What to produce: Leaving out all pictures, repeat exactly the lines from the one that holds "NWT Quince Black" to the last line of the entries below.
--- Source information ---
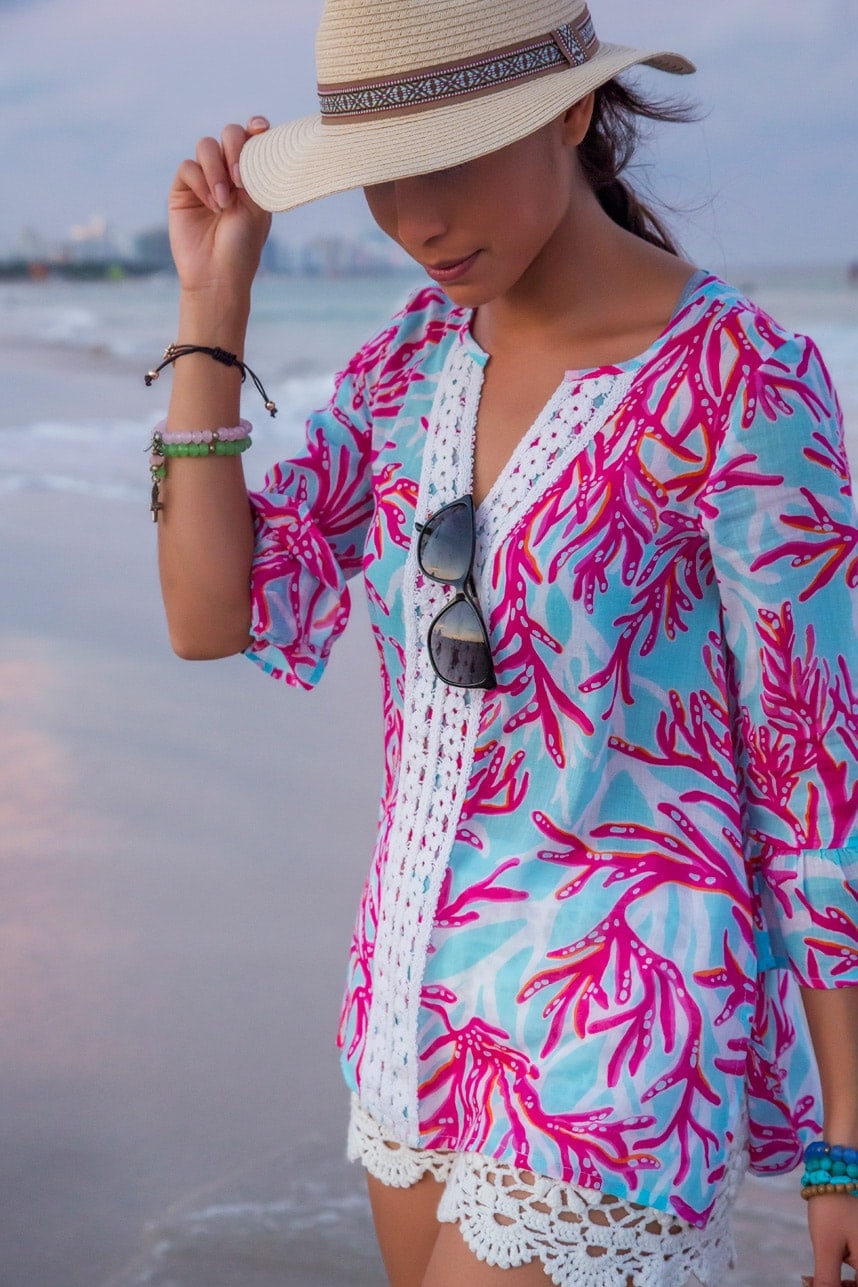 Pink and blue beach top- Visit stylishlyme.com to see more pictures and read about stylish beach attire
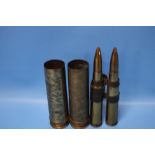 A PAIR OF WWII SHELL CASES AND BULLETS, one stamped 551 CY 79 PRAC 4* Z, the other 70 CY 80 PRAC 4 *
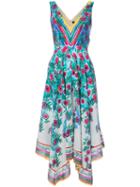 Saloni - Floral Print Draped Dress - Women - Silk Crepe - 2, Blue, Silk Crepe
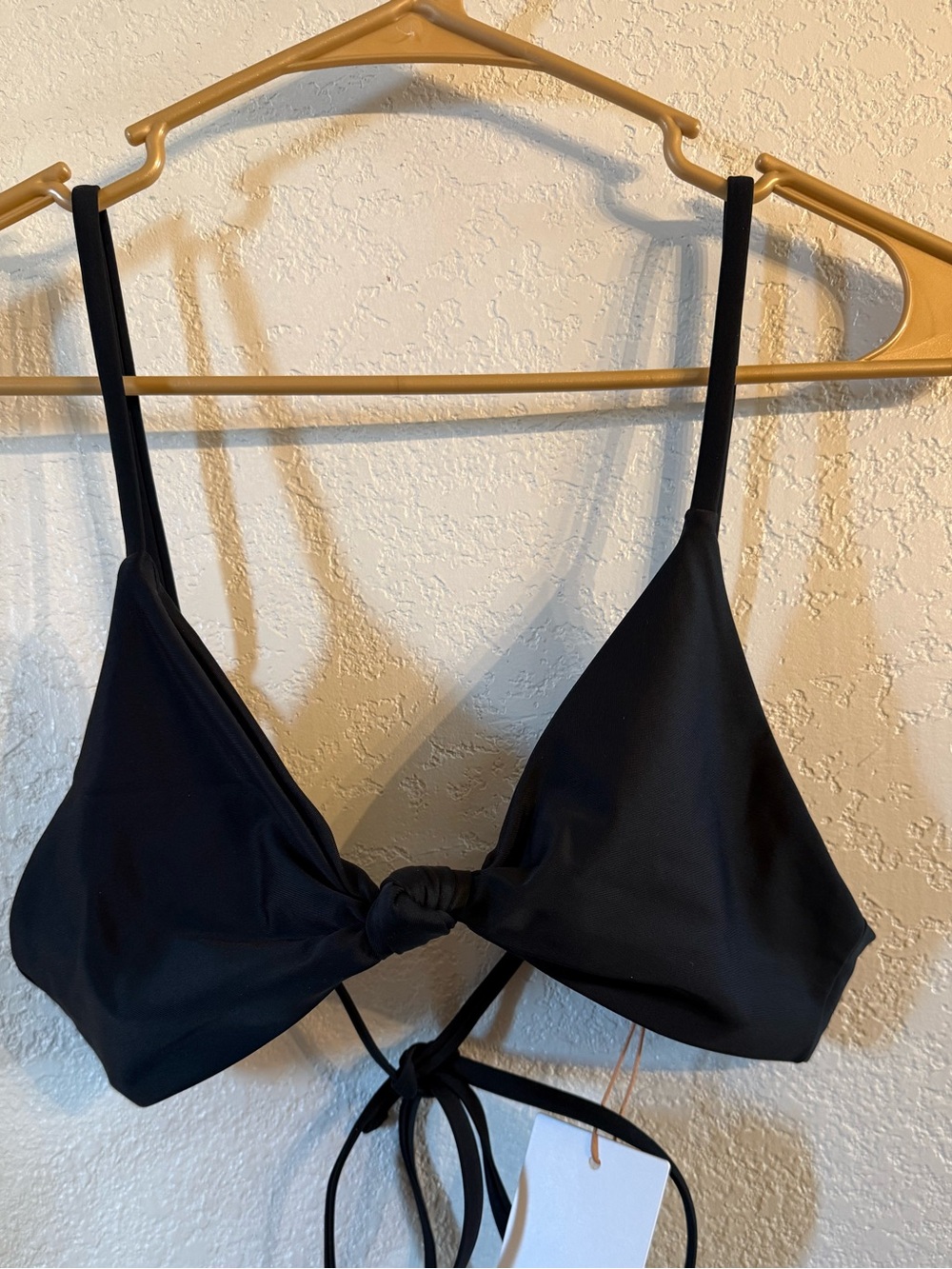 NWT Quince Black Knot Front Bikini Top Large Sustainable Swim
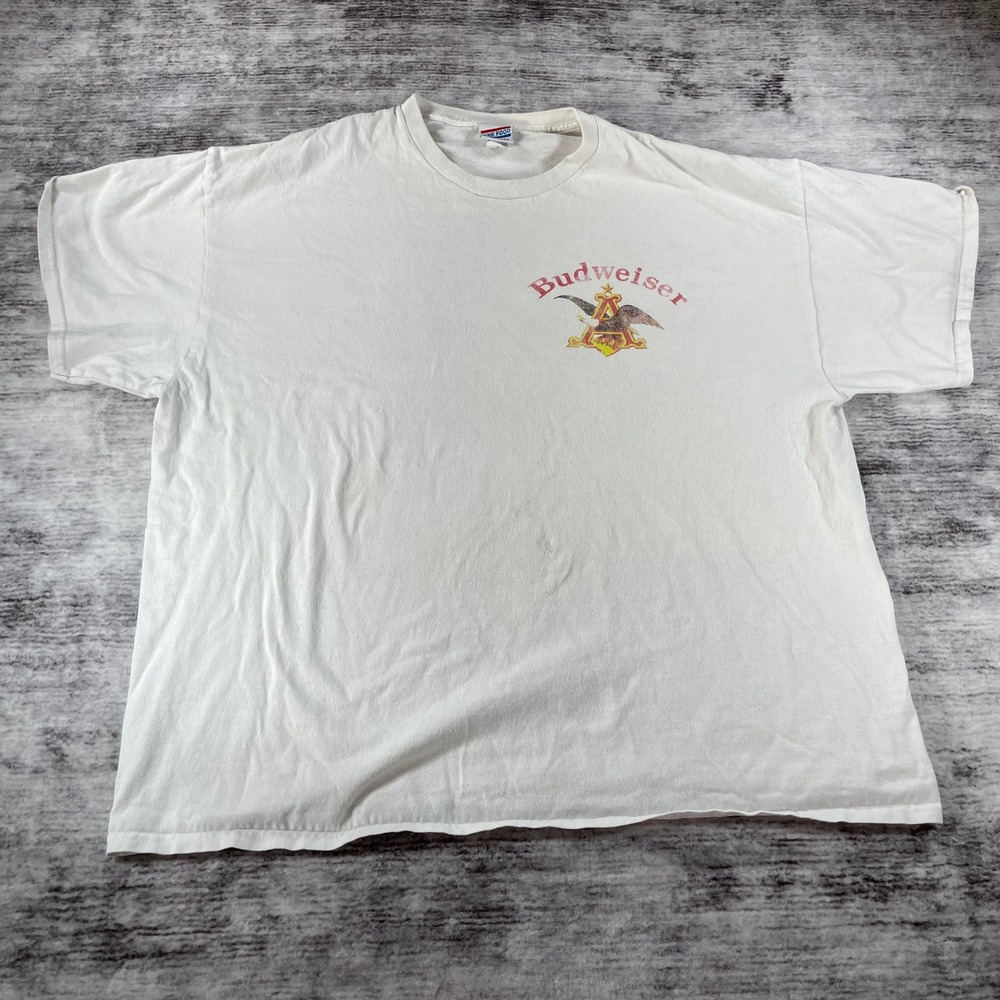 Junk Food Budweiser Clydesdales Vintage Graphic T-Shirt White XL Grungy Tee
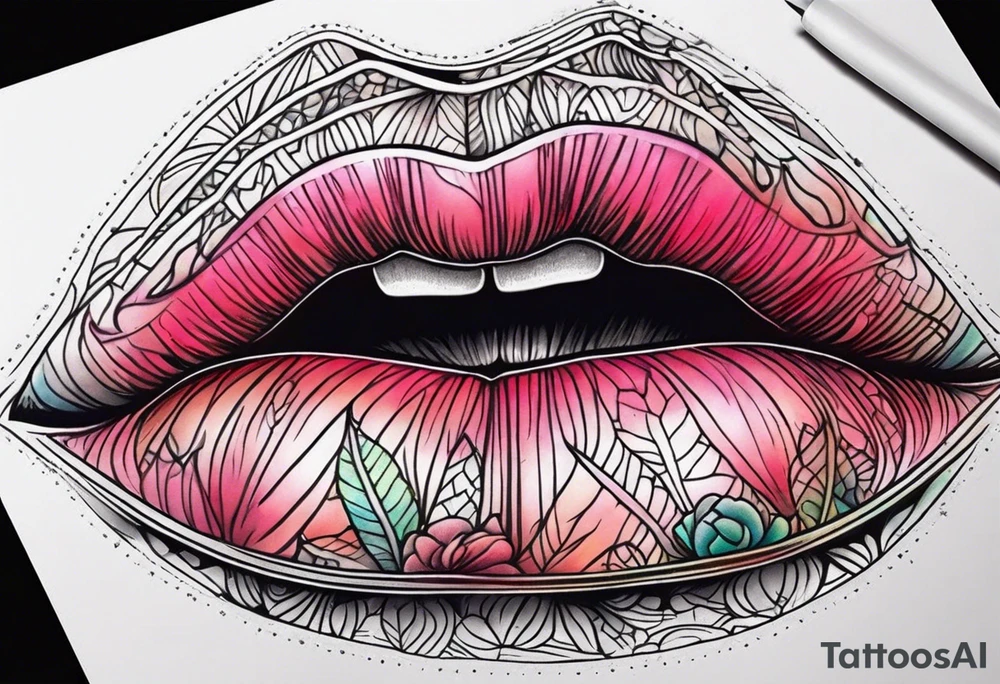 Sexy female lips tattoo idea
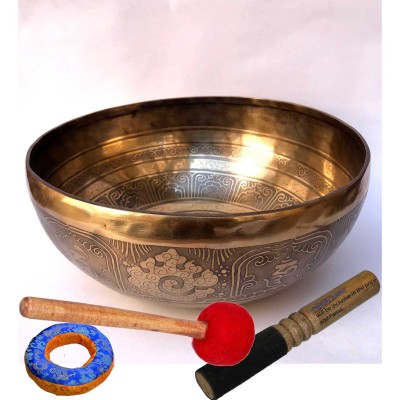 Hand Beaten Bronze Singing Bowl With [etching Carving], [select Accessories]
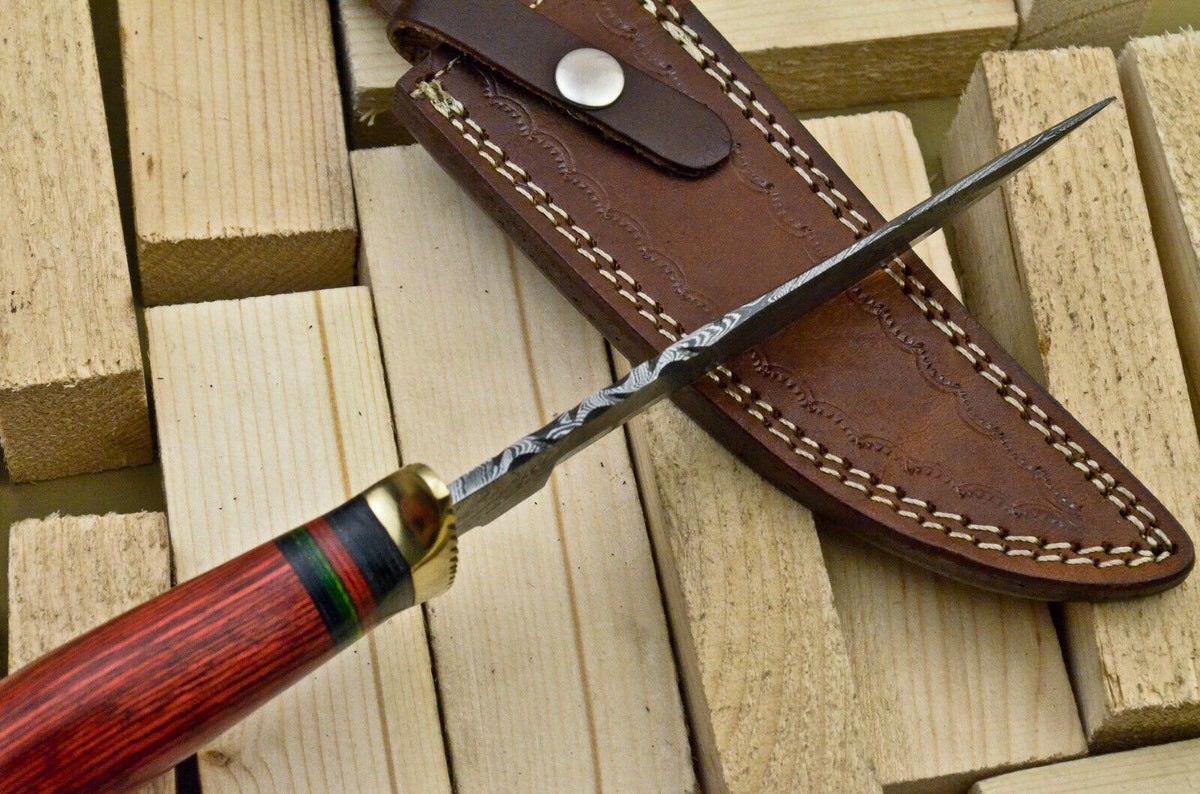CUSTOM HAND MADE DAMASCUS STEEL HUNTING BOWIE KNIFE - BRASS GUARD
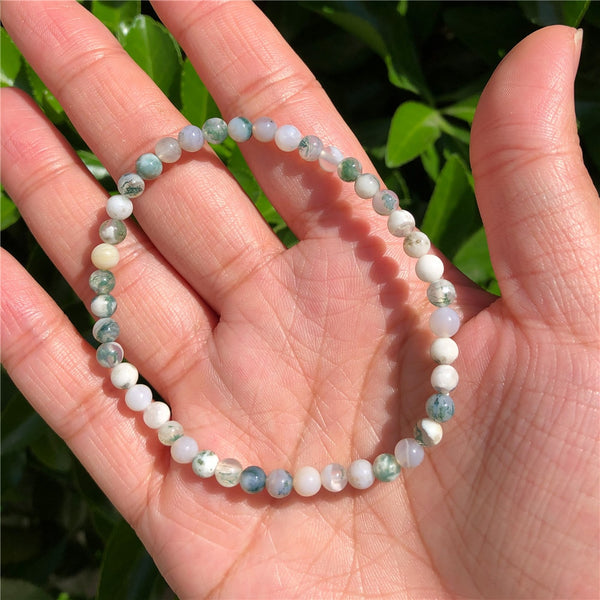 Green Tree Agate Bead Bracelet-ToShay.org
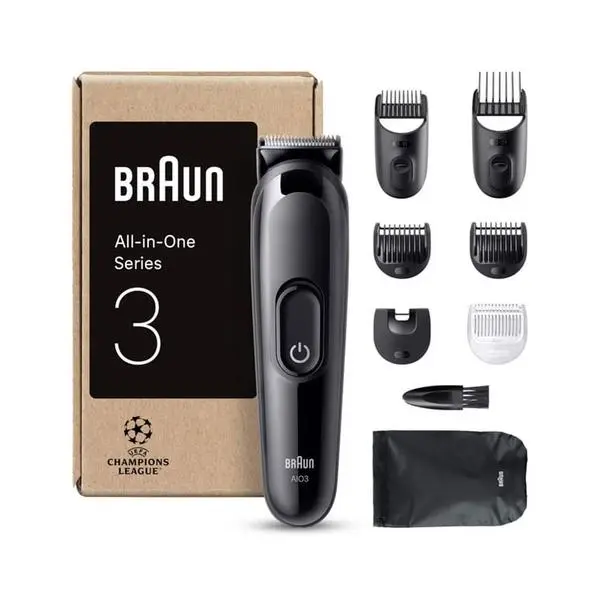 Тример Braun All-In-One Trimmer Style Kit Series 3, 14 настройки на дължината, до 50 минути време на работа, черен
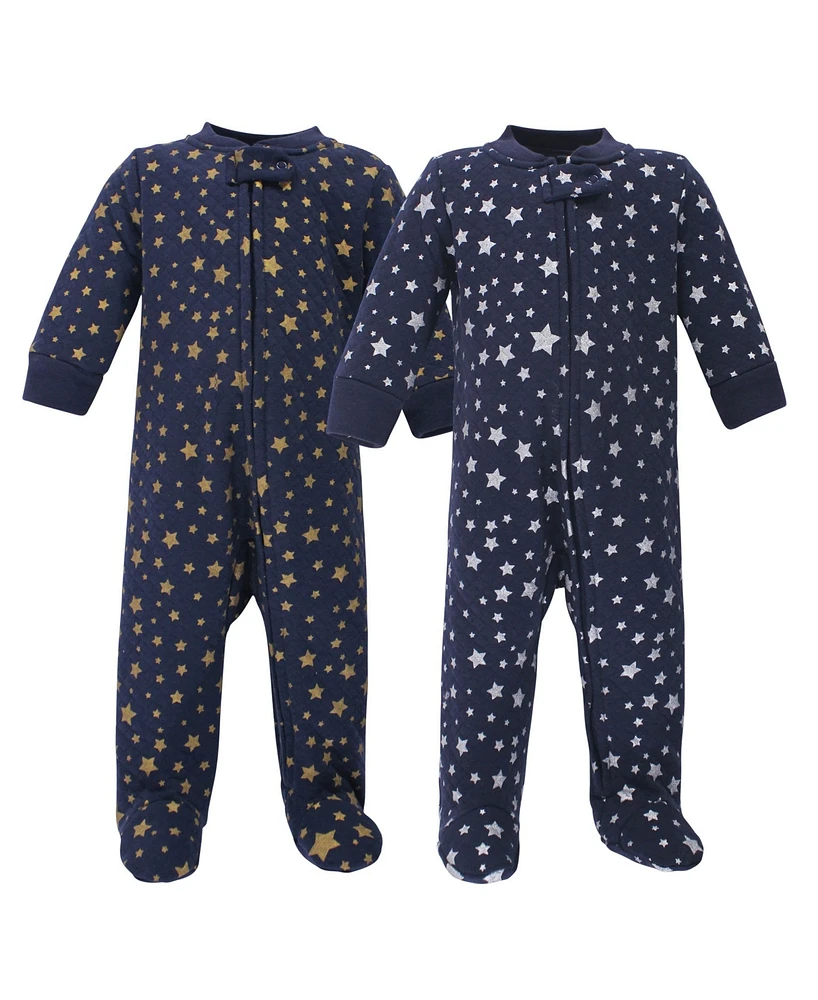 Hudson Baby Baby Boys Baby Premium Quilted Zipper Sleep and Play 2pk, Metallic Stars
---
Problem solution:
 NWT Quince Black Knot Front Bikini Top Large Sustainable Swim
 Junk Food Budweiser Clydesdales Vintage Graphic T-Shirt White XL Grungy Tee
 Sexy female lips tattoo idea
 Hand Beaten Bronze Singing Bowl With [etching Carving], [select Accessories]
CUSTOM HAND MADE DAMASCUS STEEL HUNTING BOWIE KNIFE - BRASS GUARD
 Green Tree Agate Bead Bracelet-ToShay.org
 Тример Braun All-In-One Trimmer Style Kit Series 3, 14 настройки на дължината, до 50 минути време на работа, черен
 Hudson Baby Baby Boys Baby Premium Quilted Zipper Sleep and Play 2pk, Metallic Stars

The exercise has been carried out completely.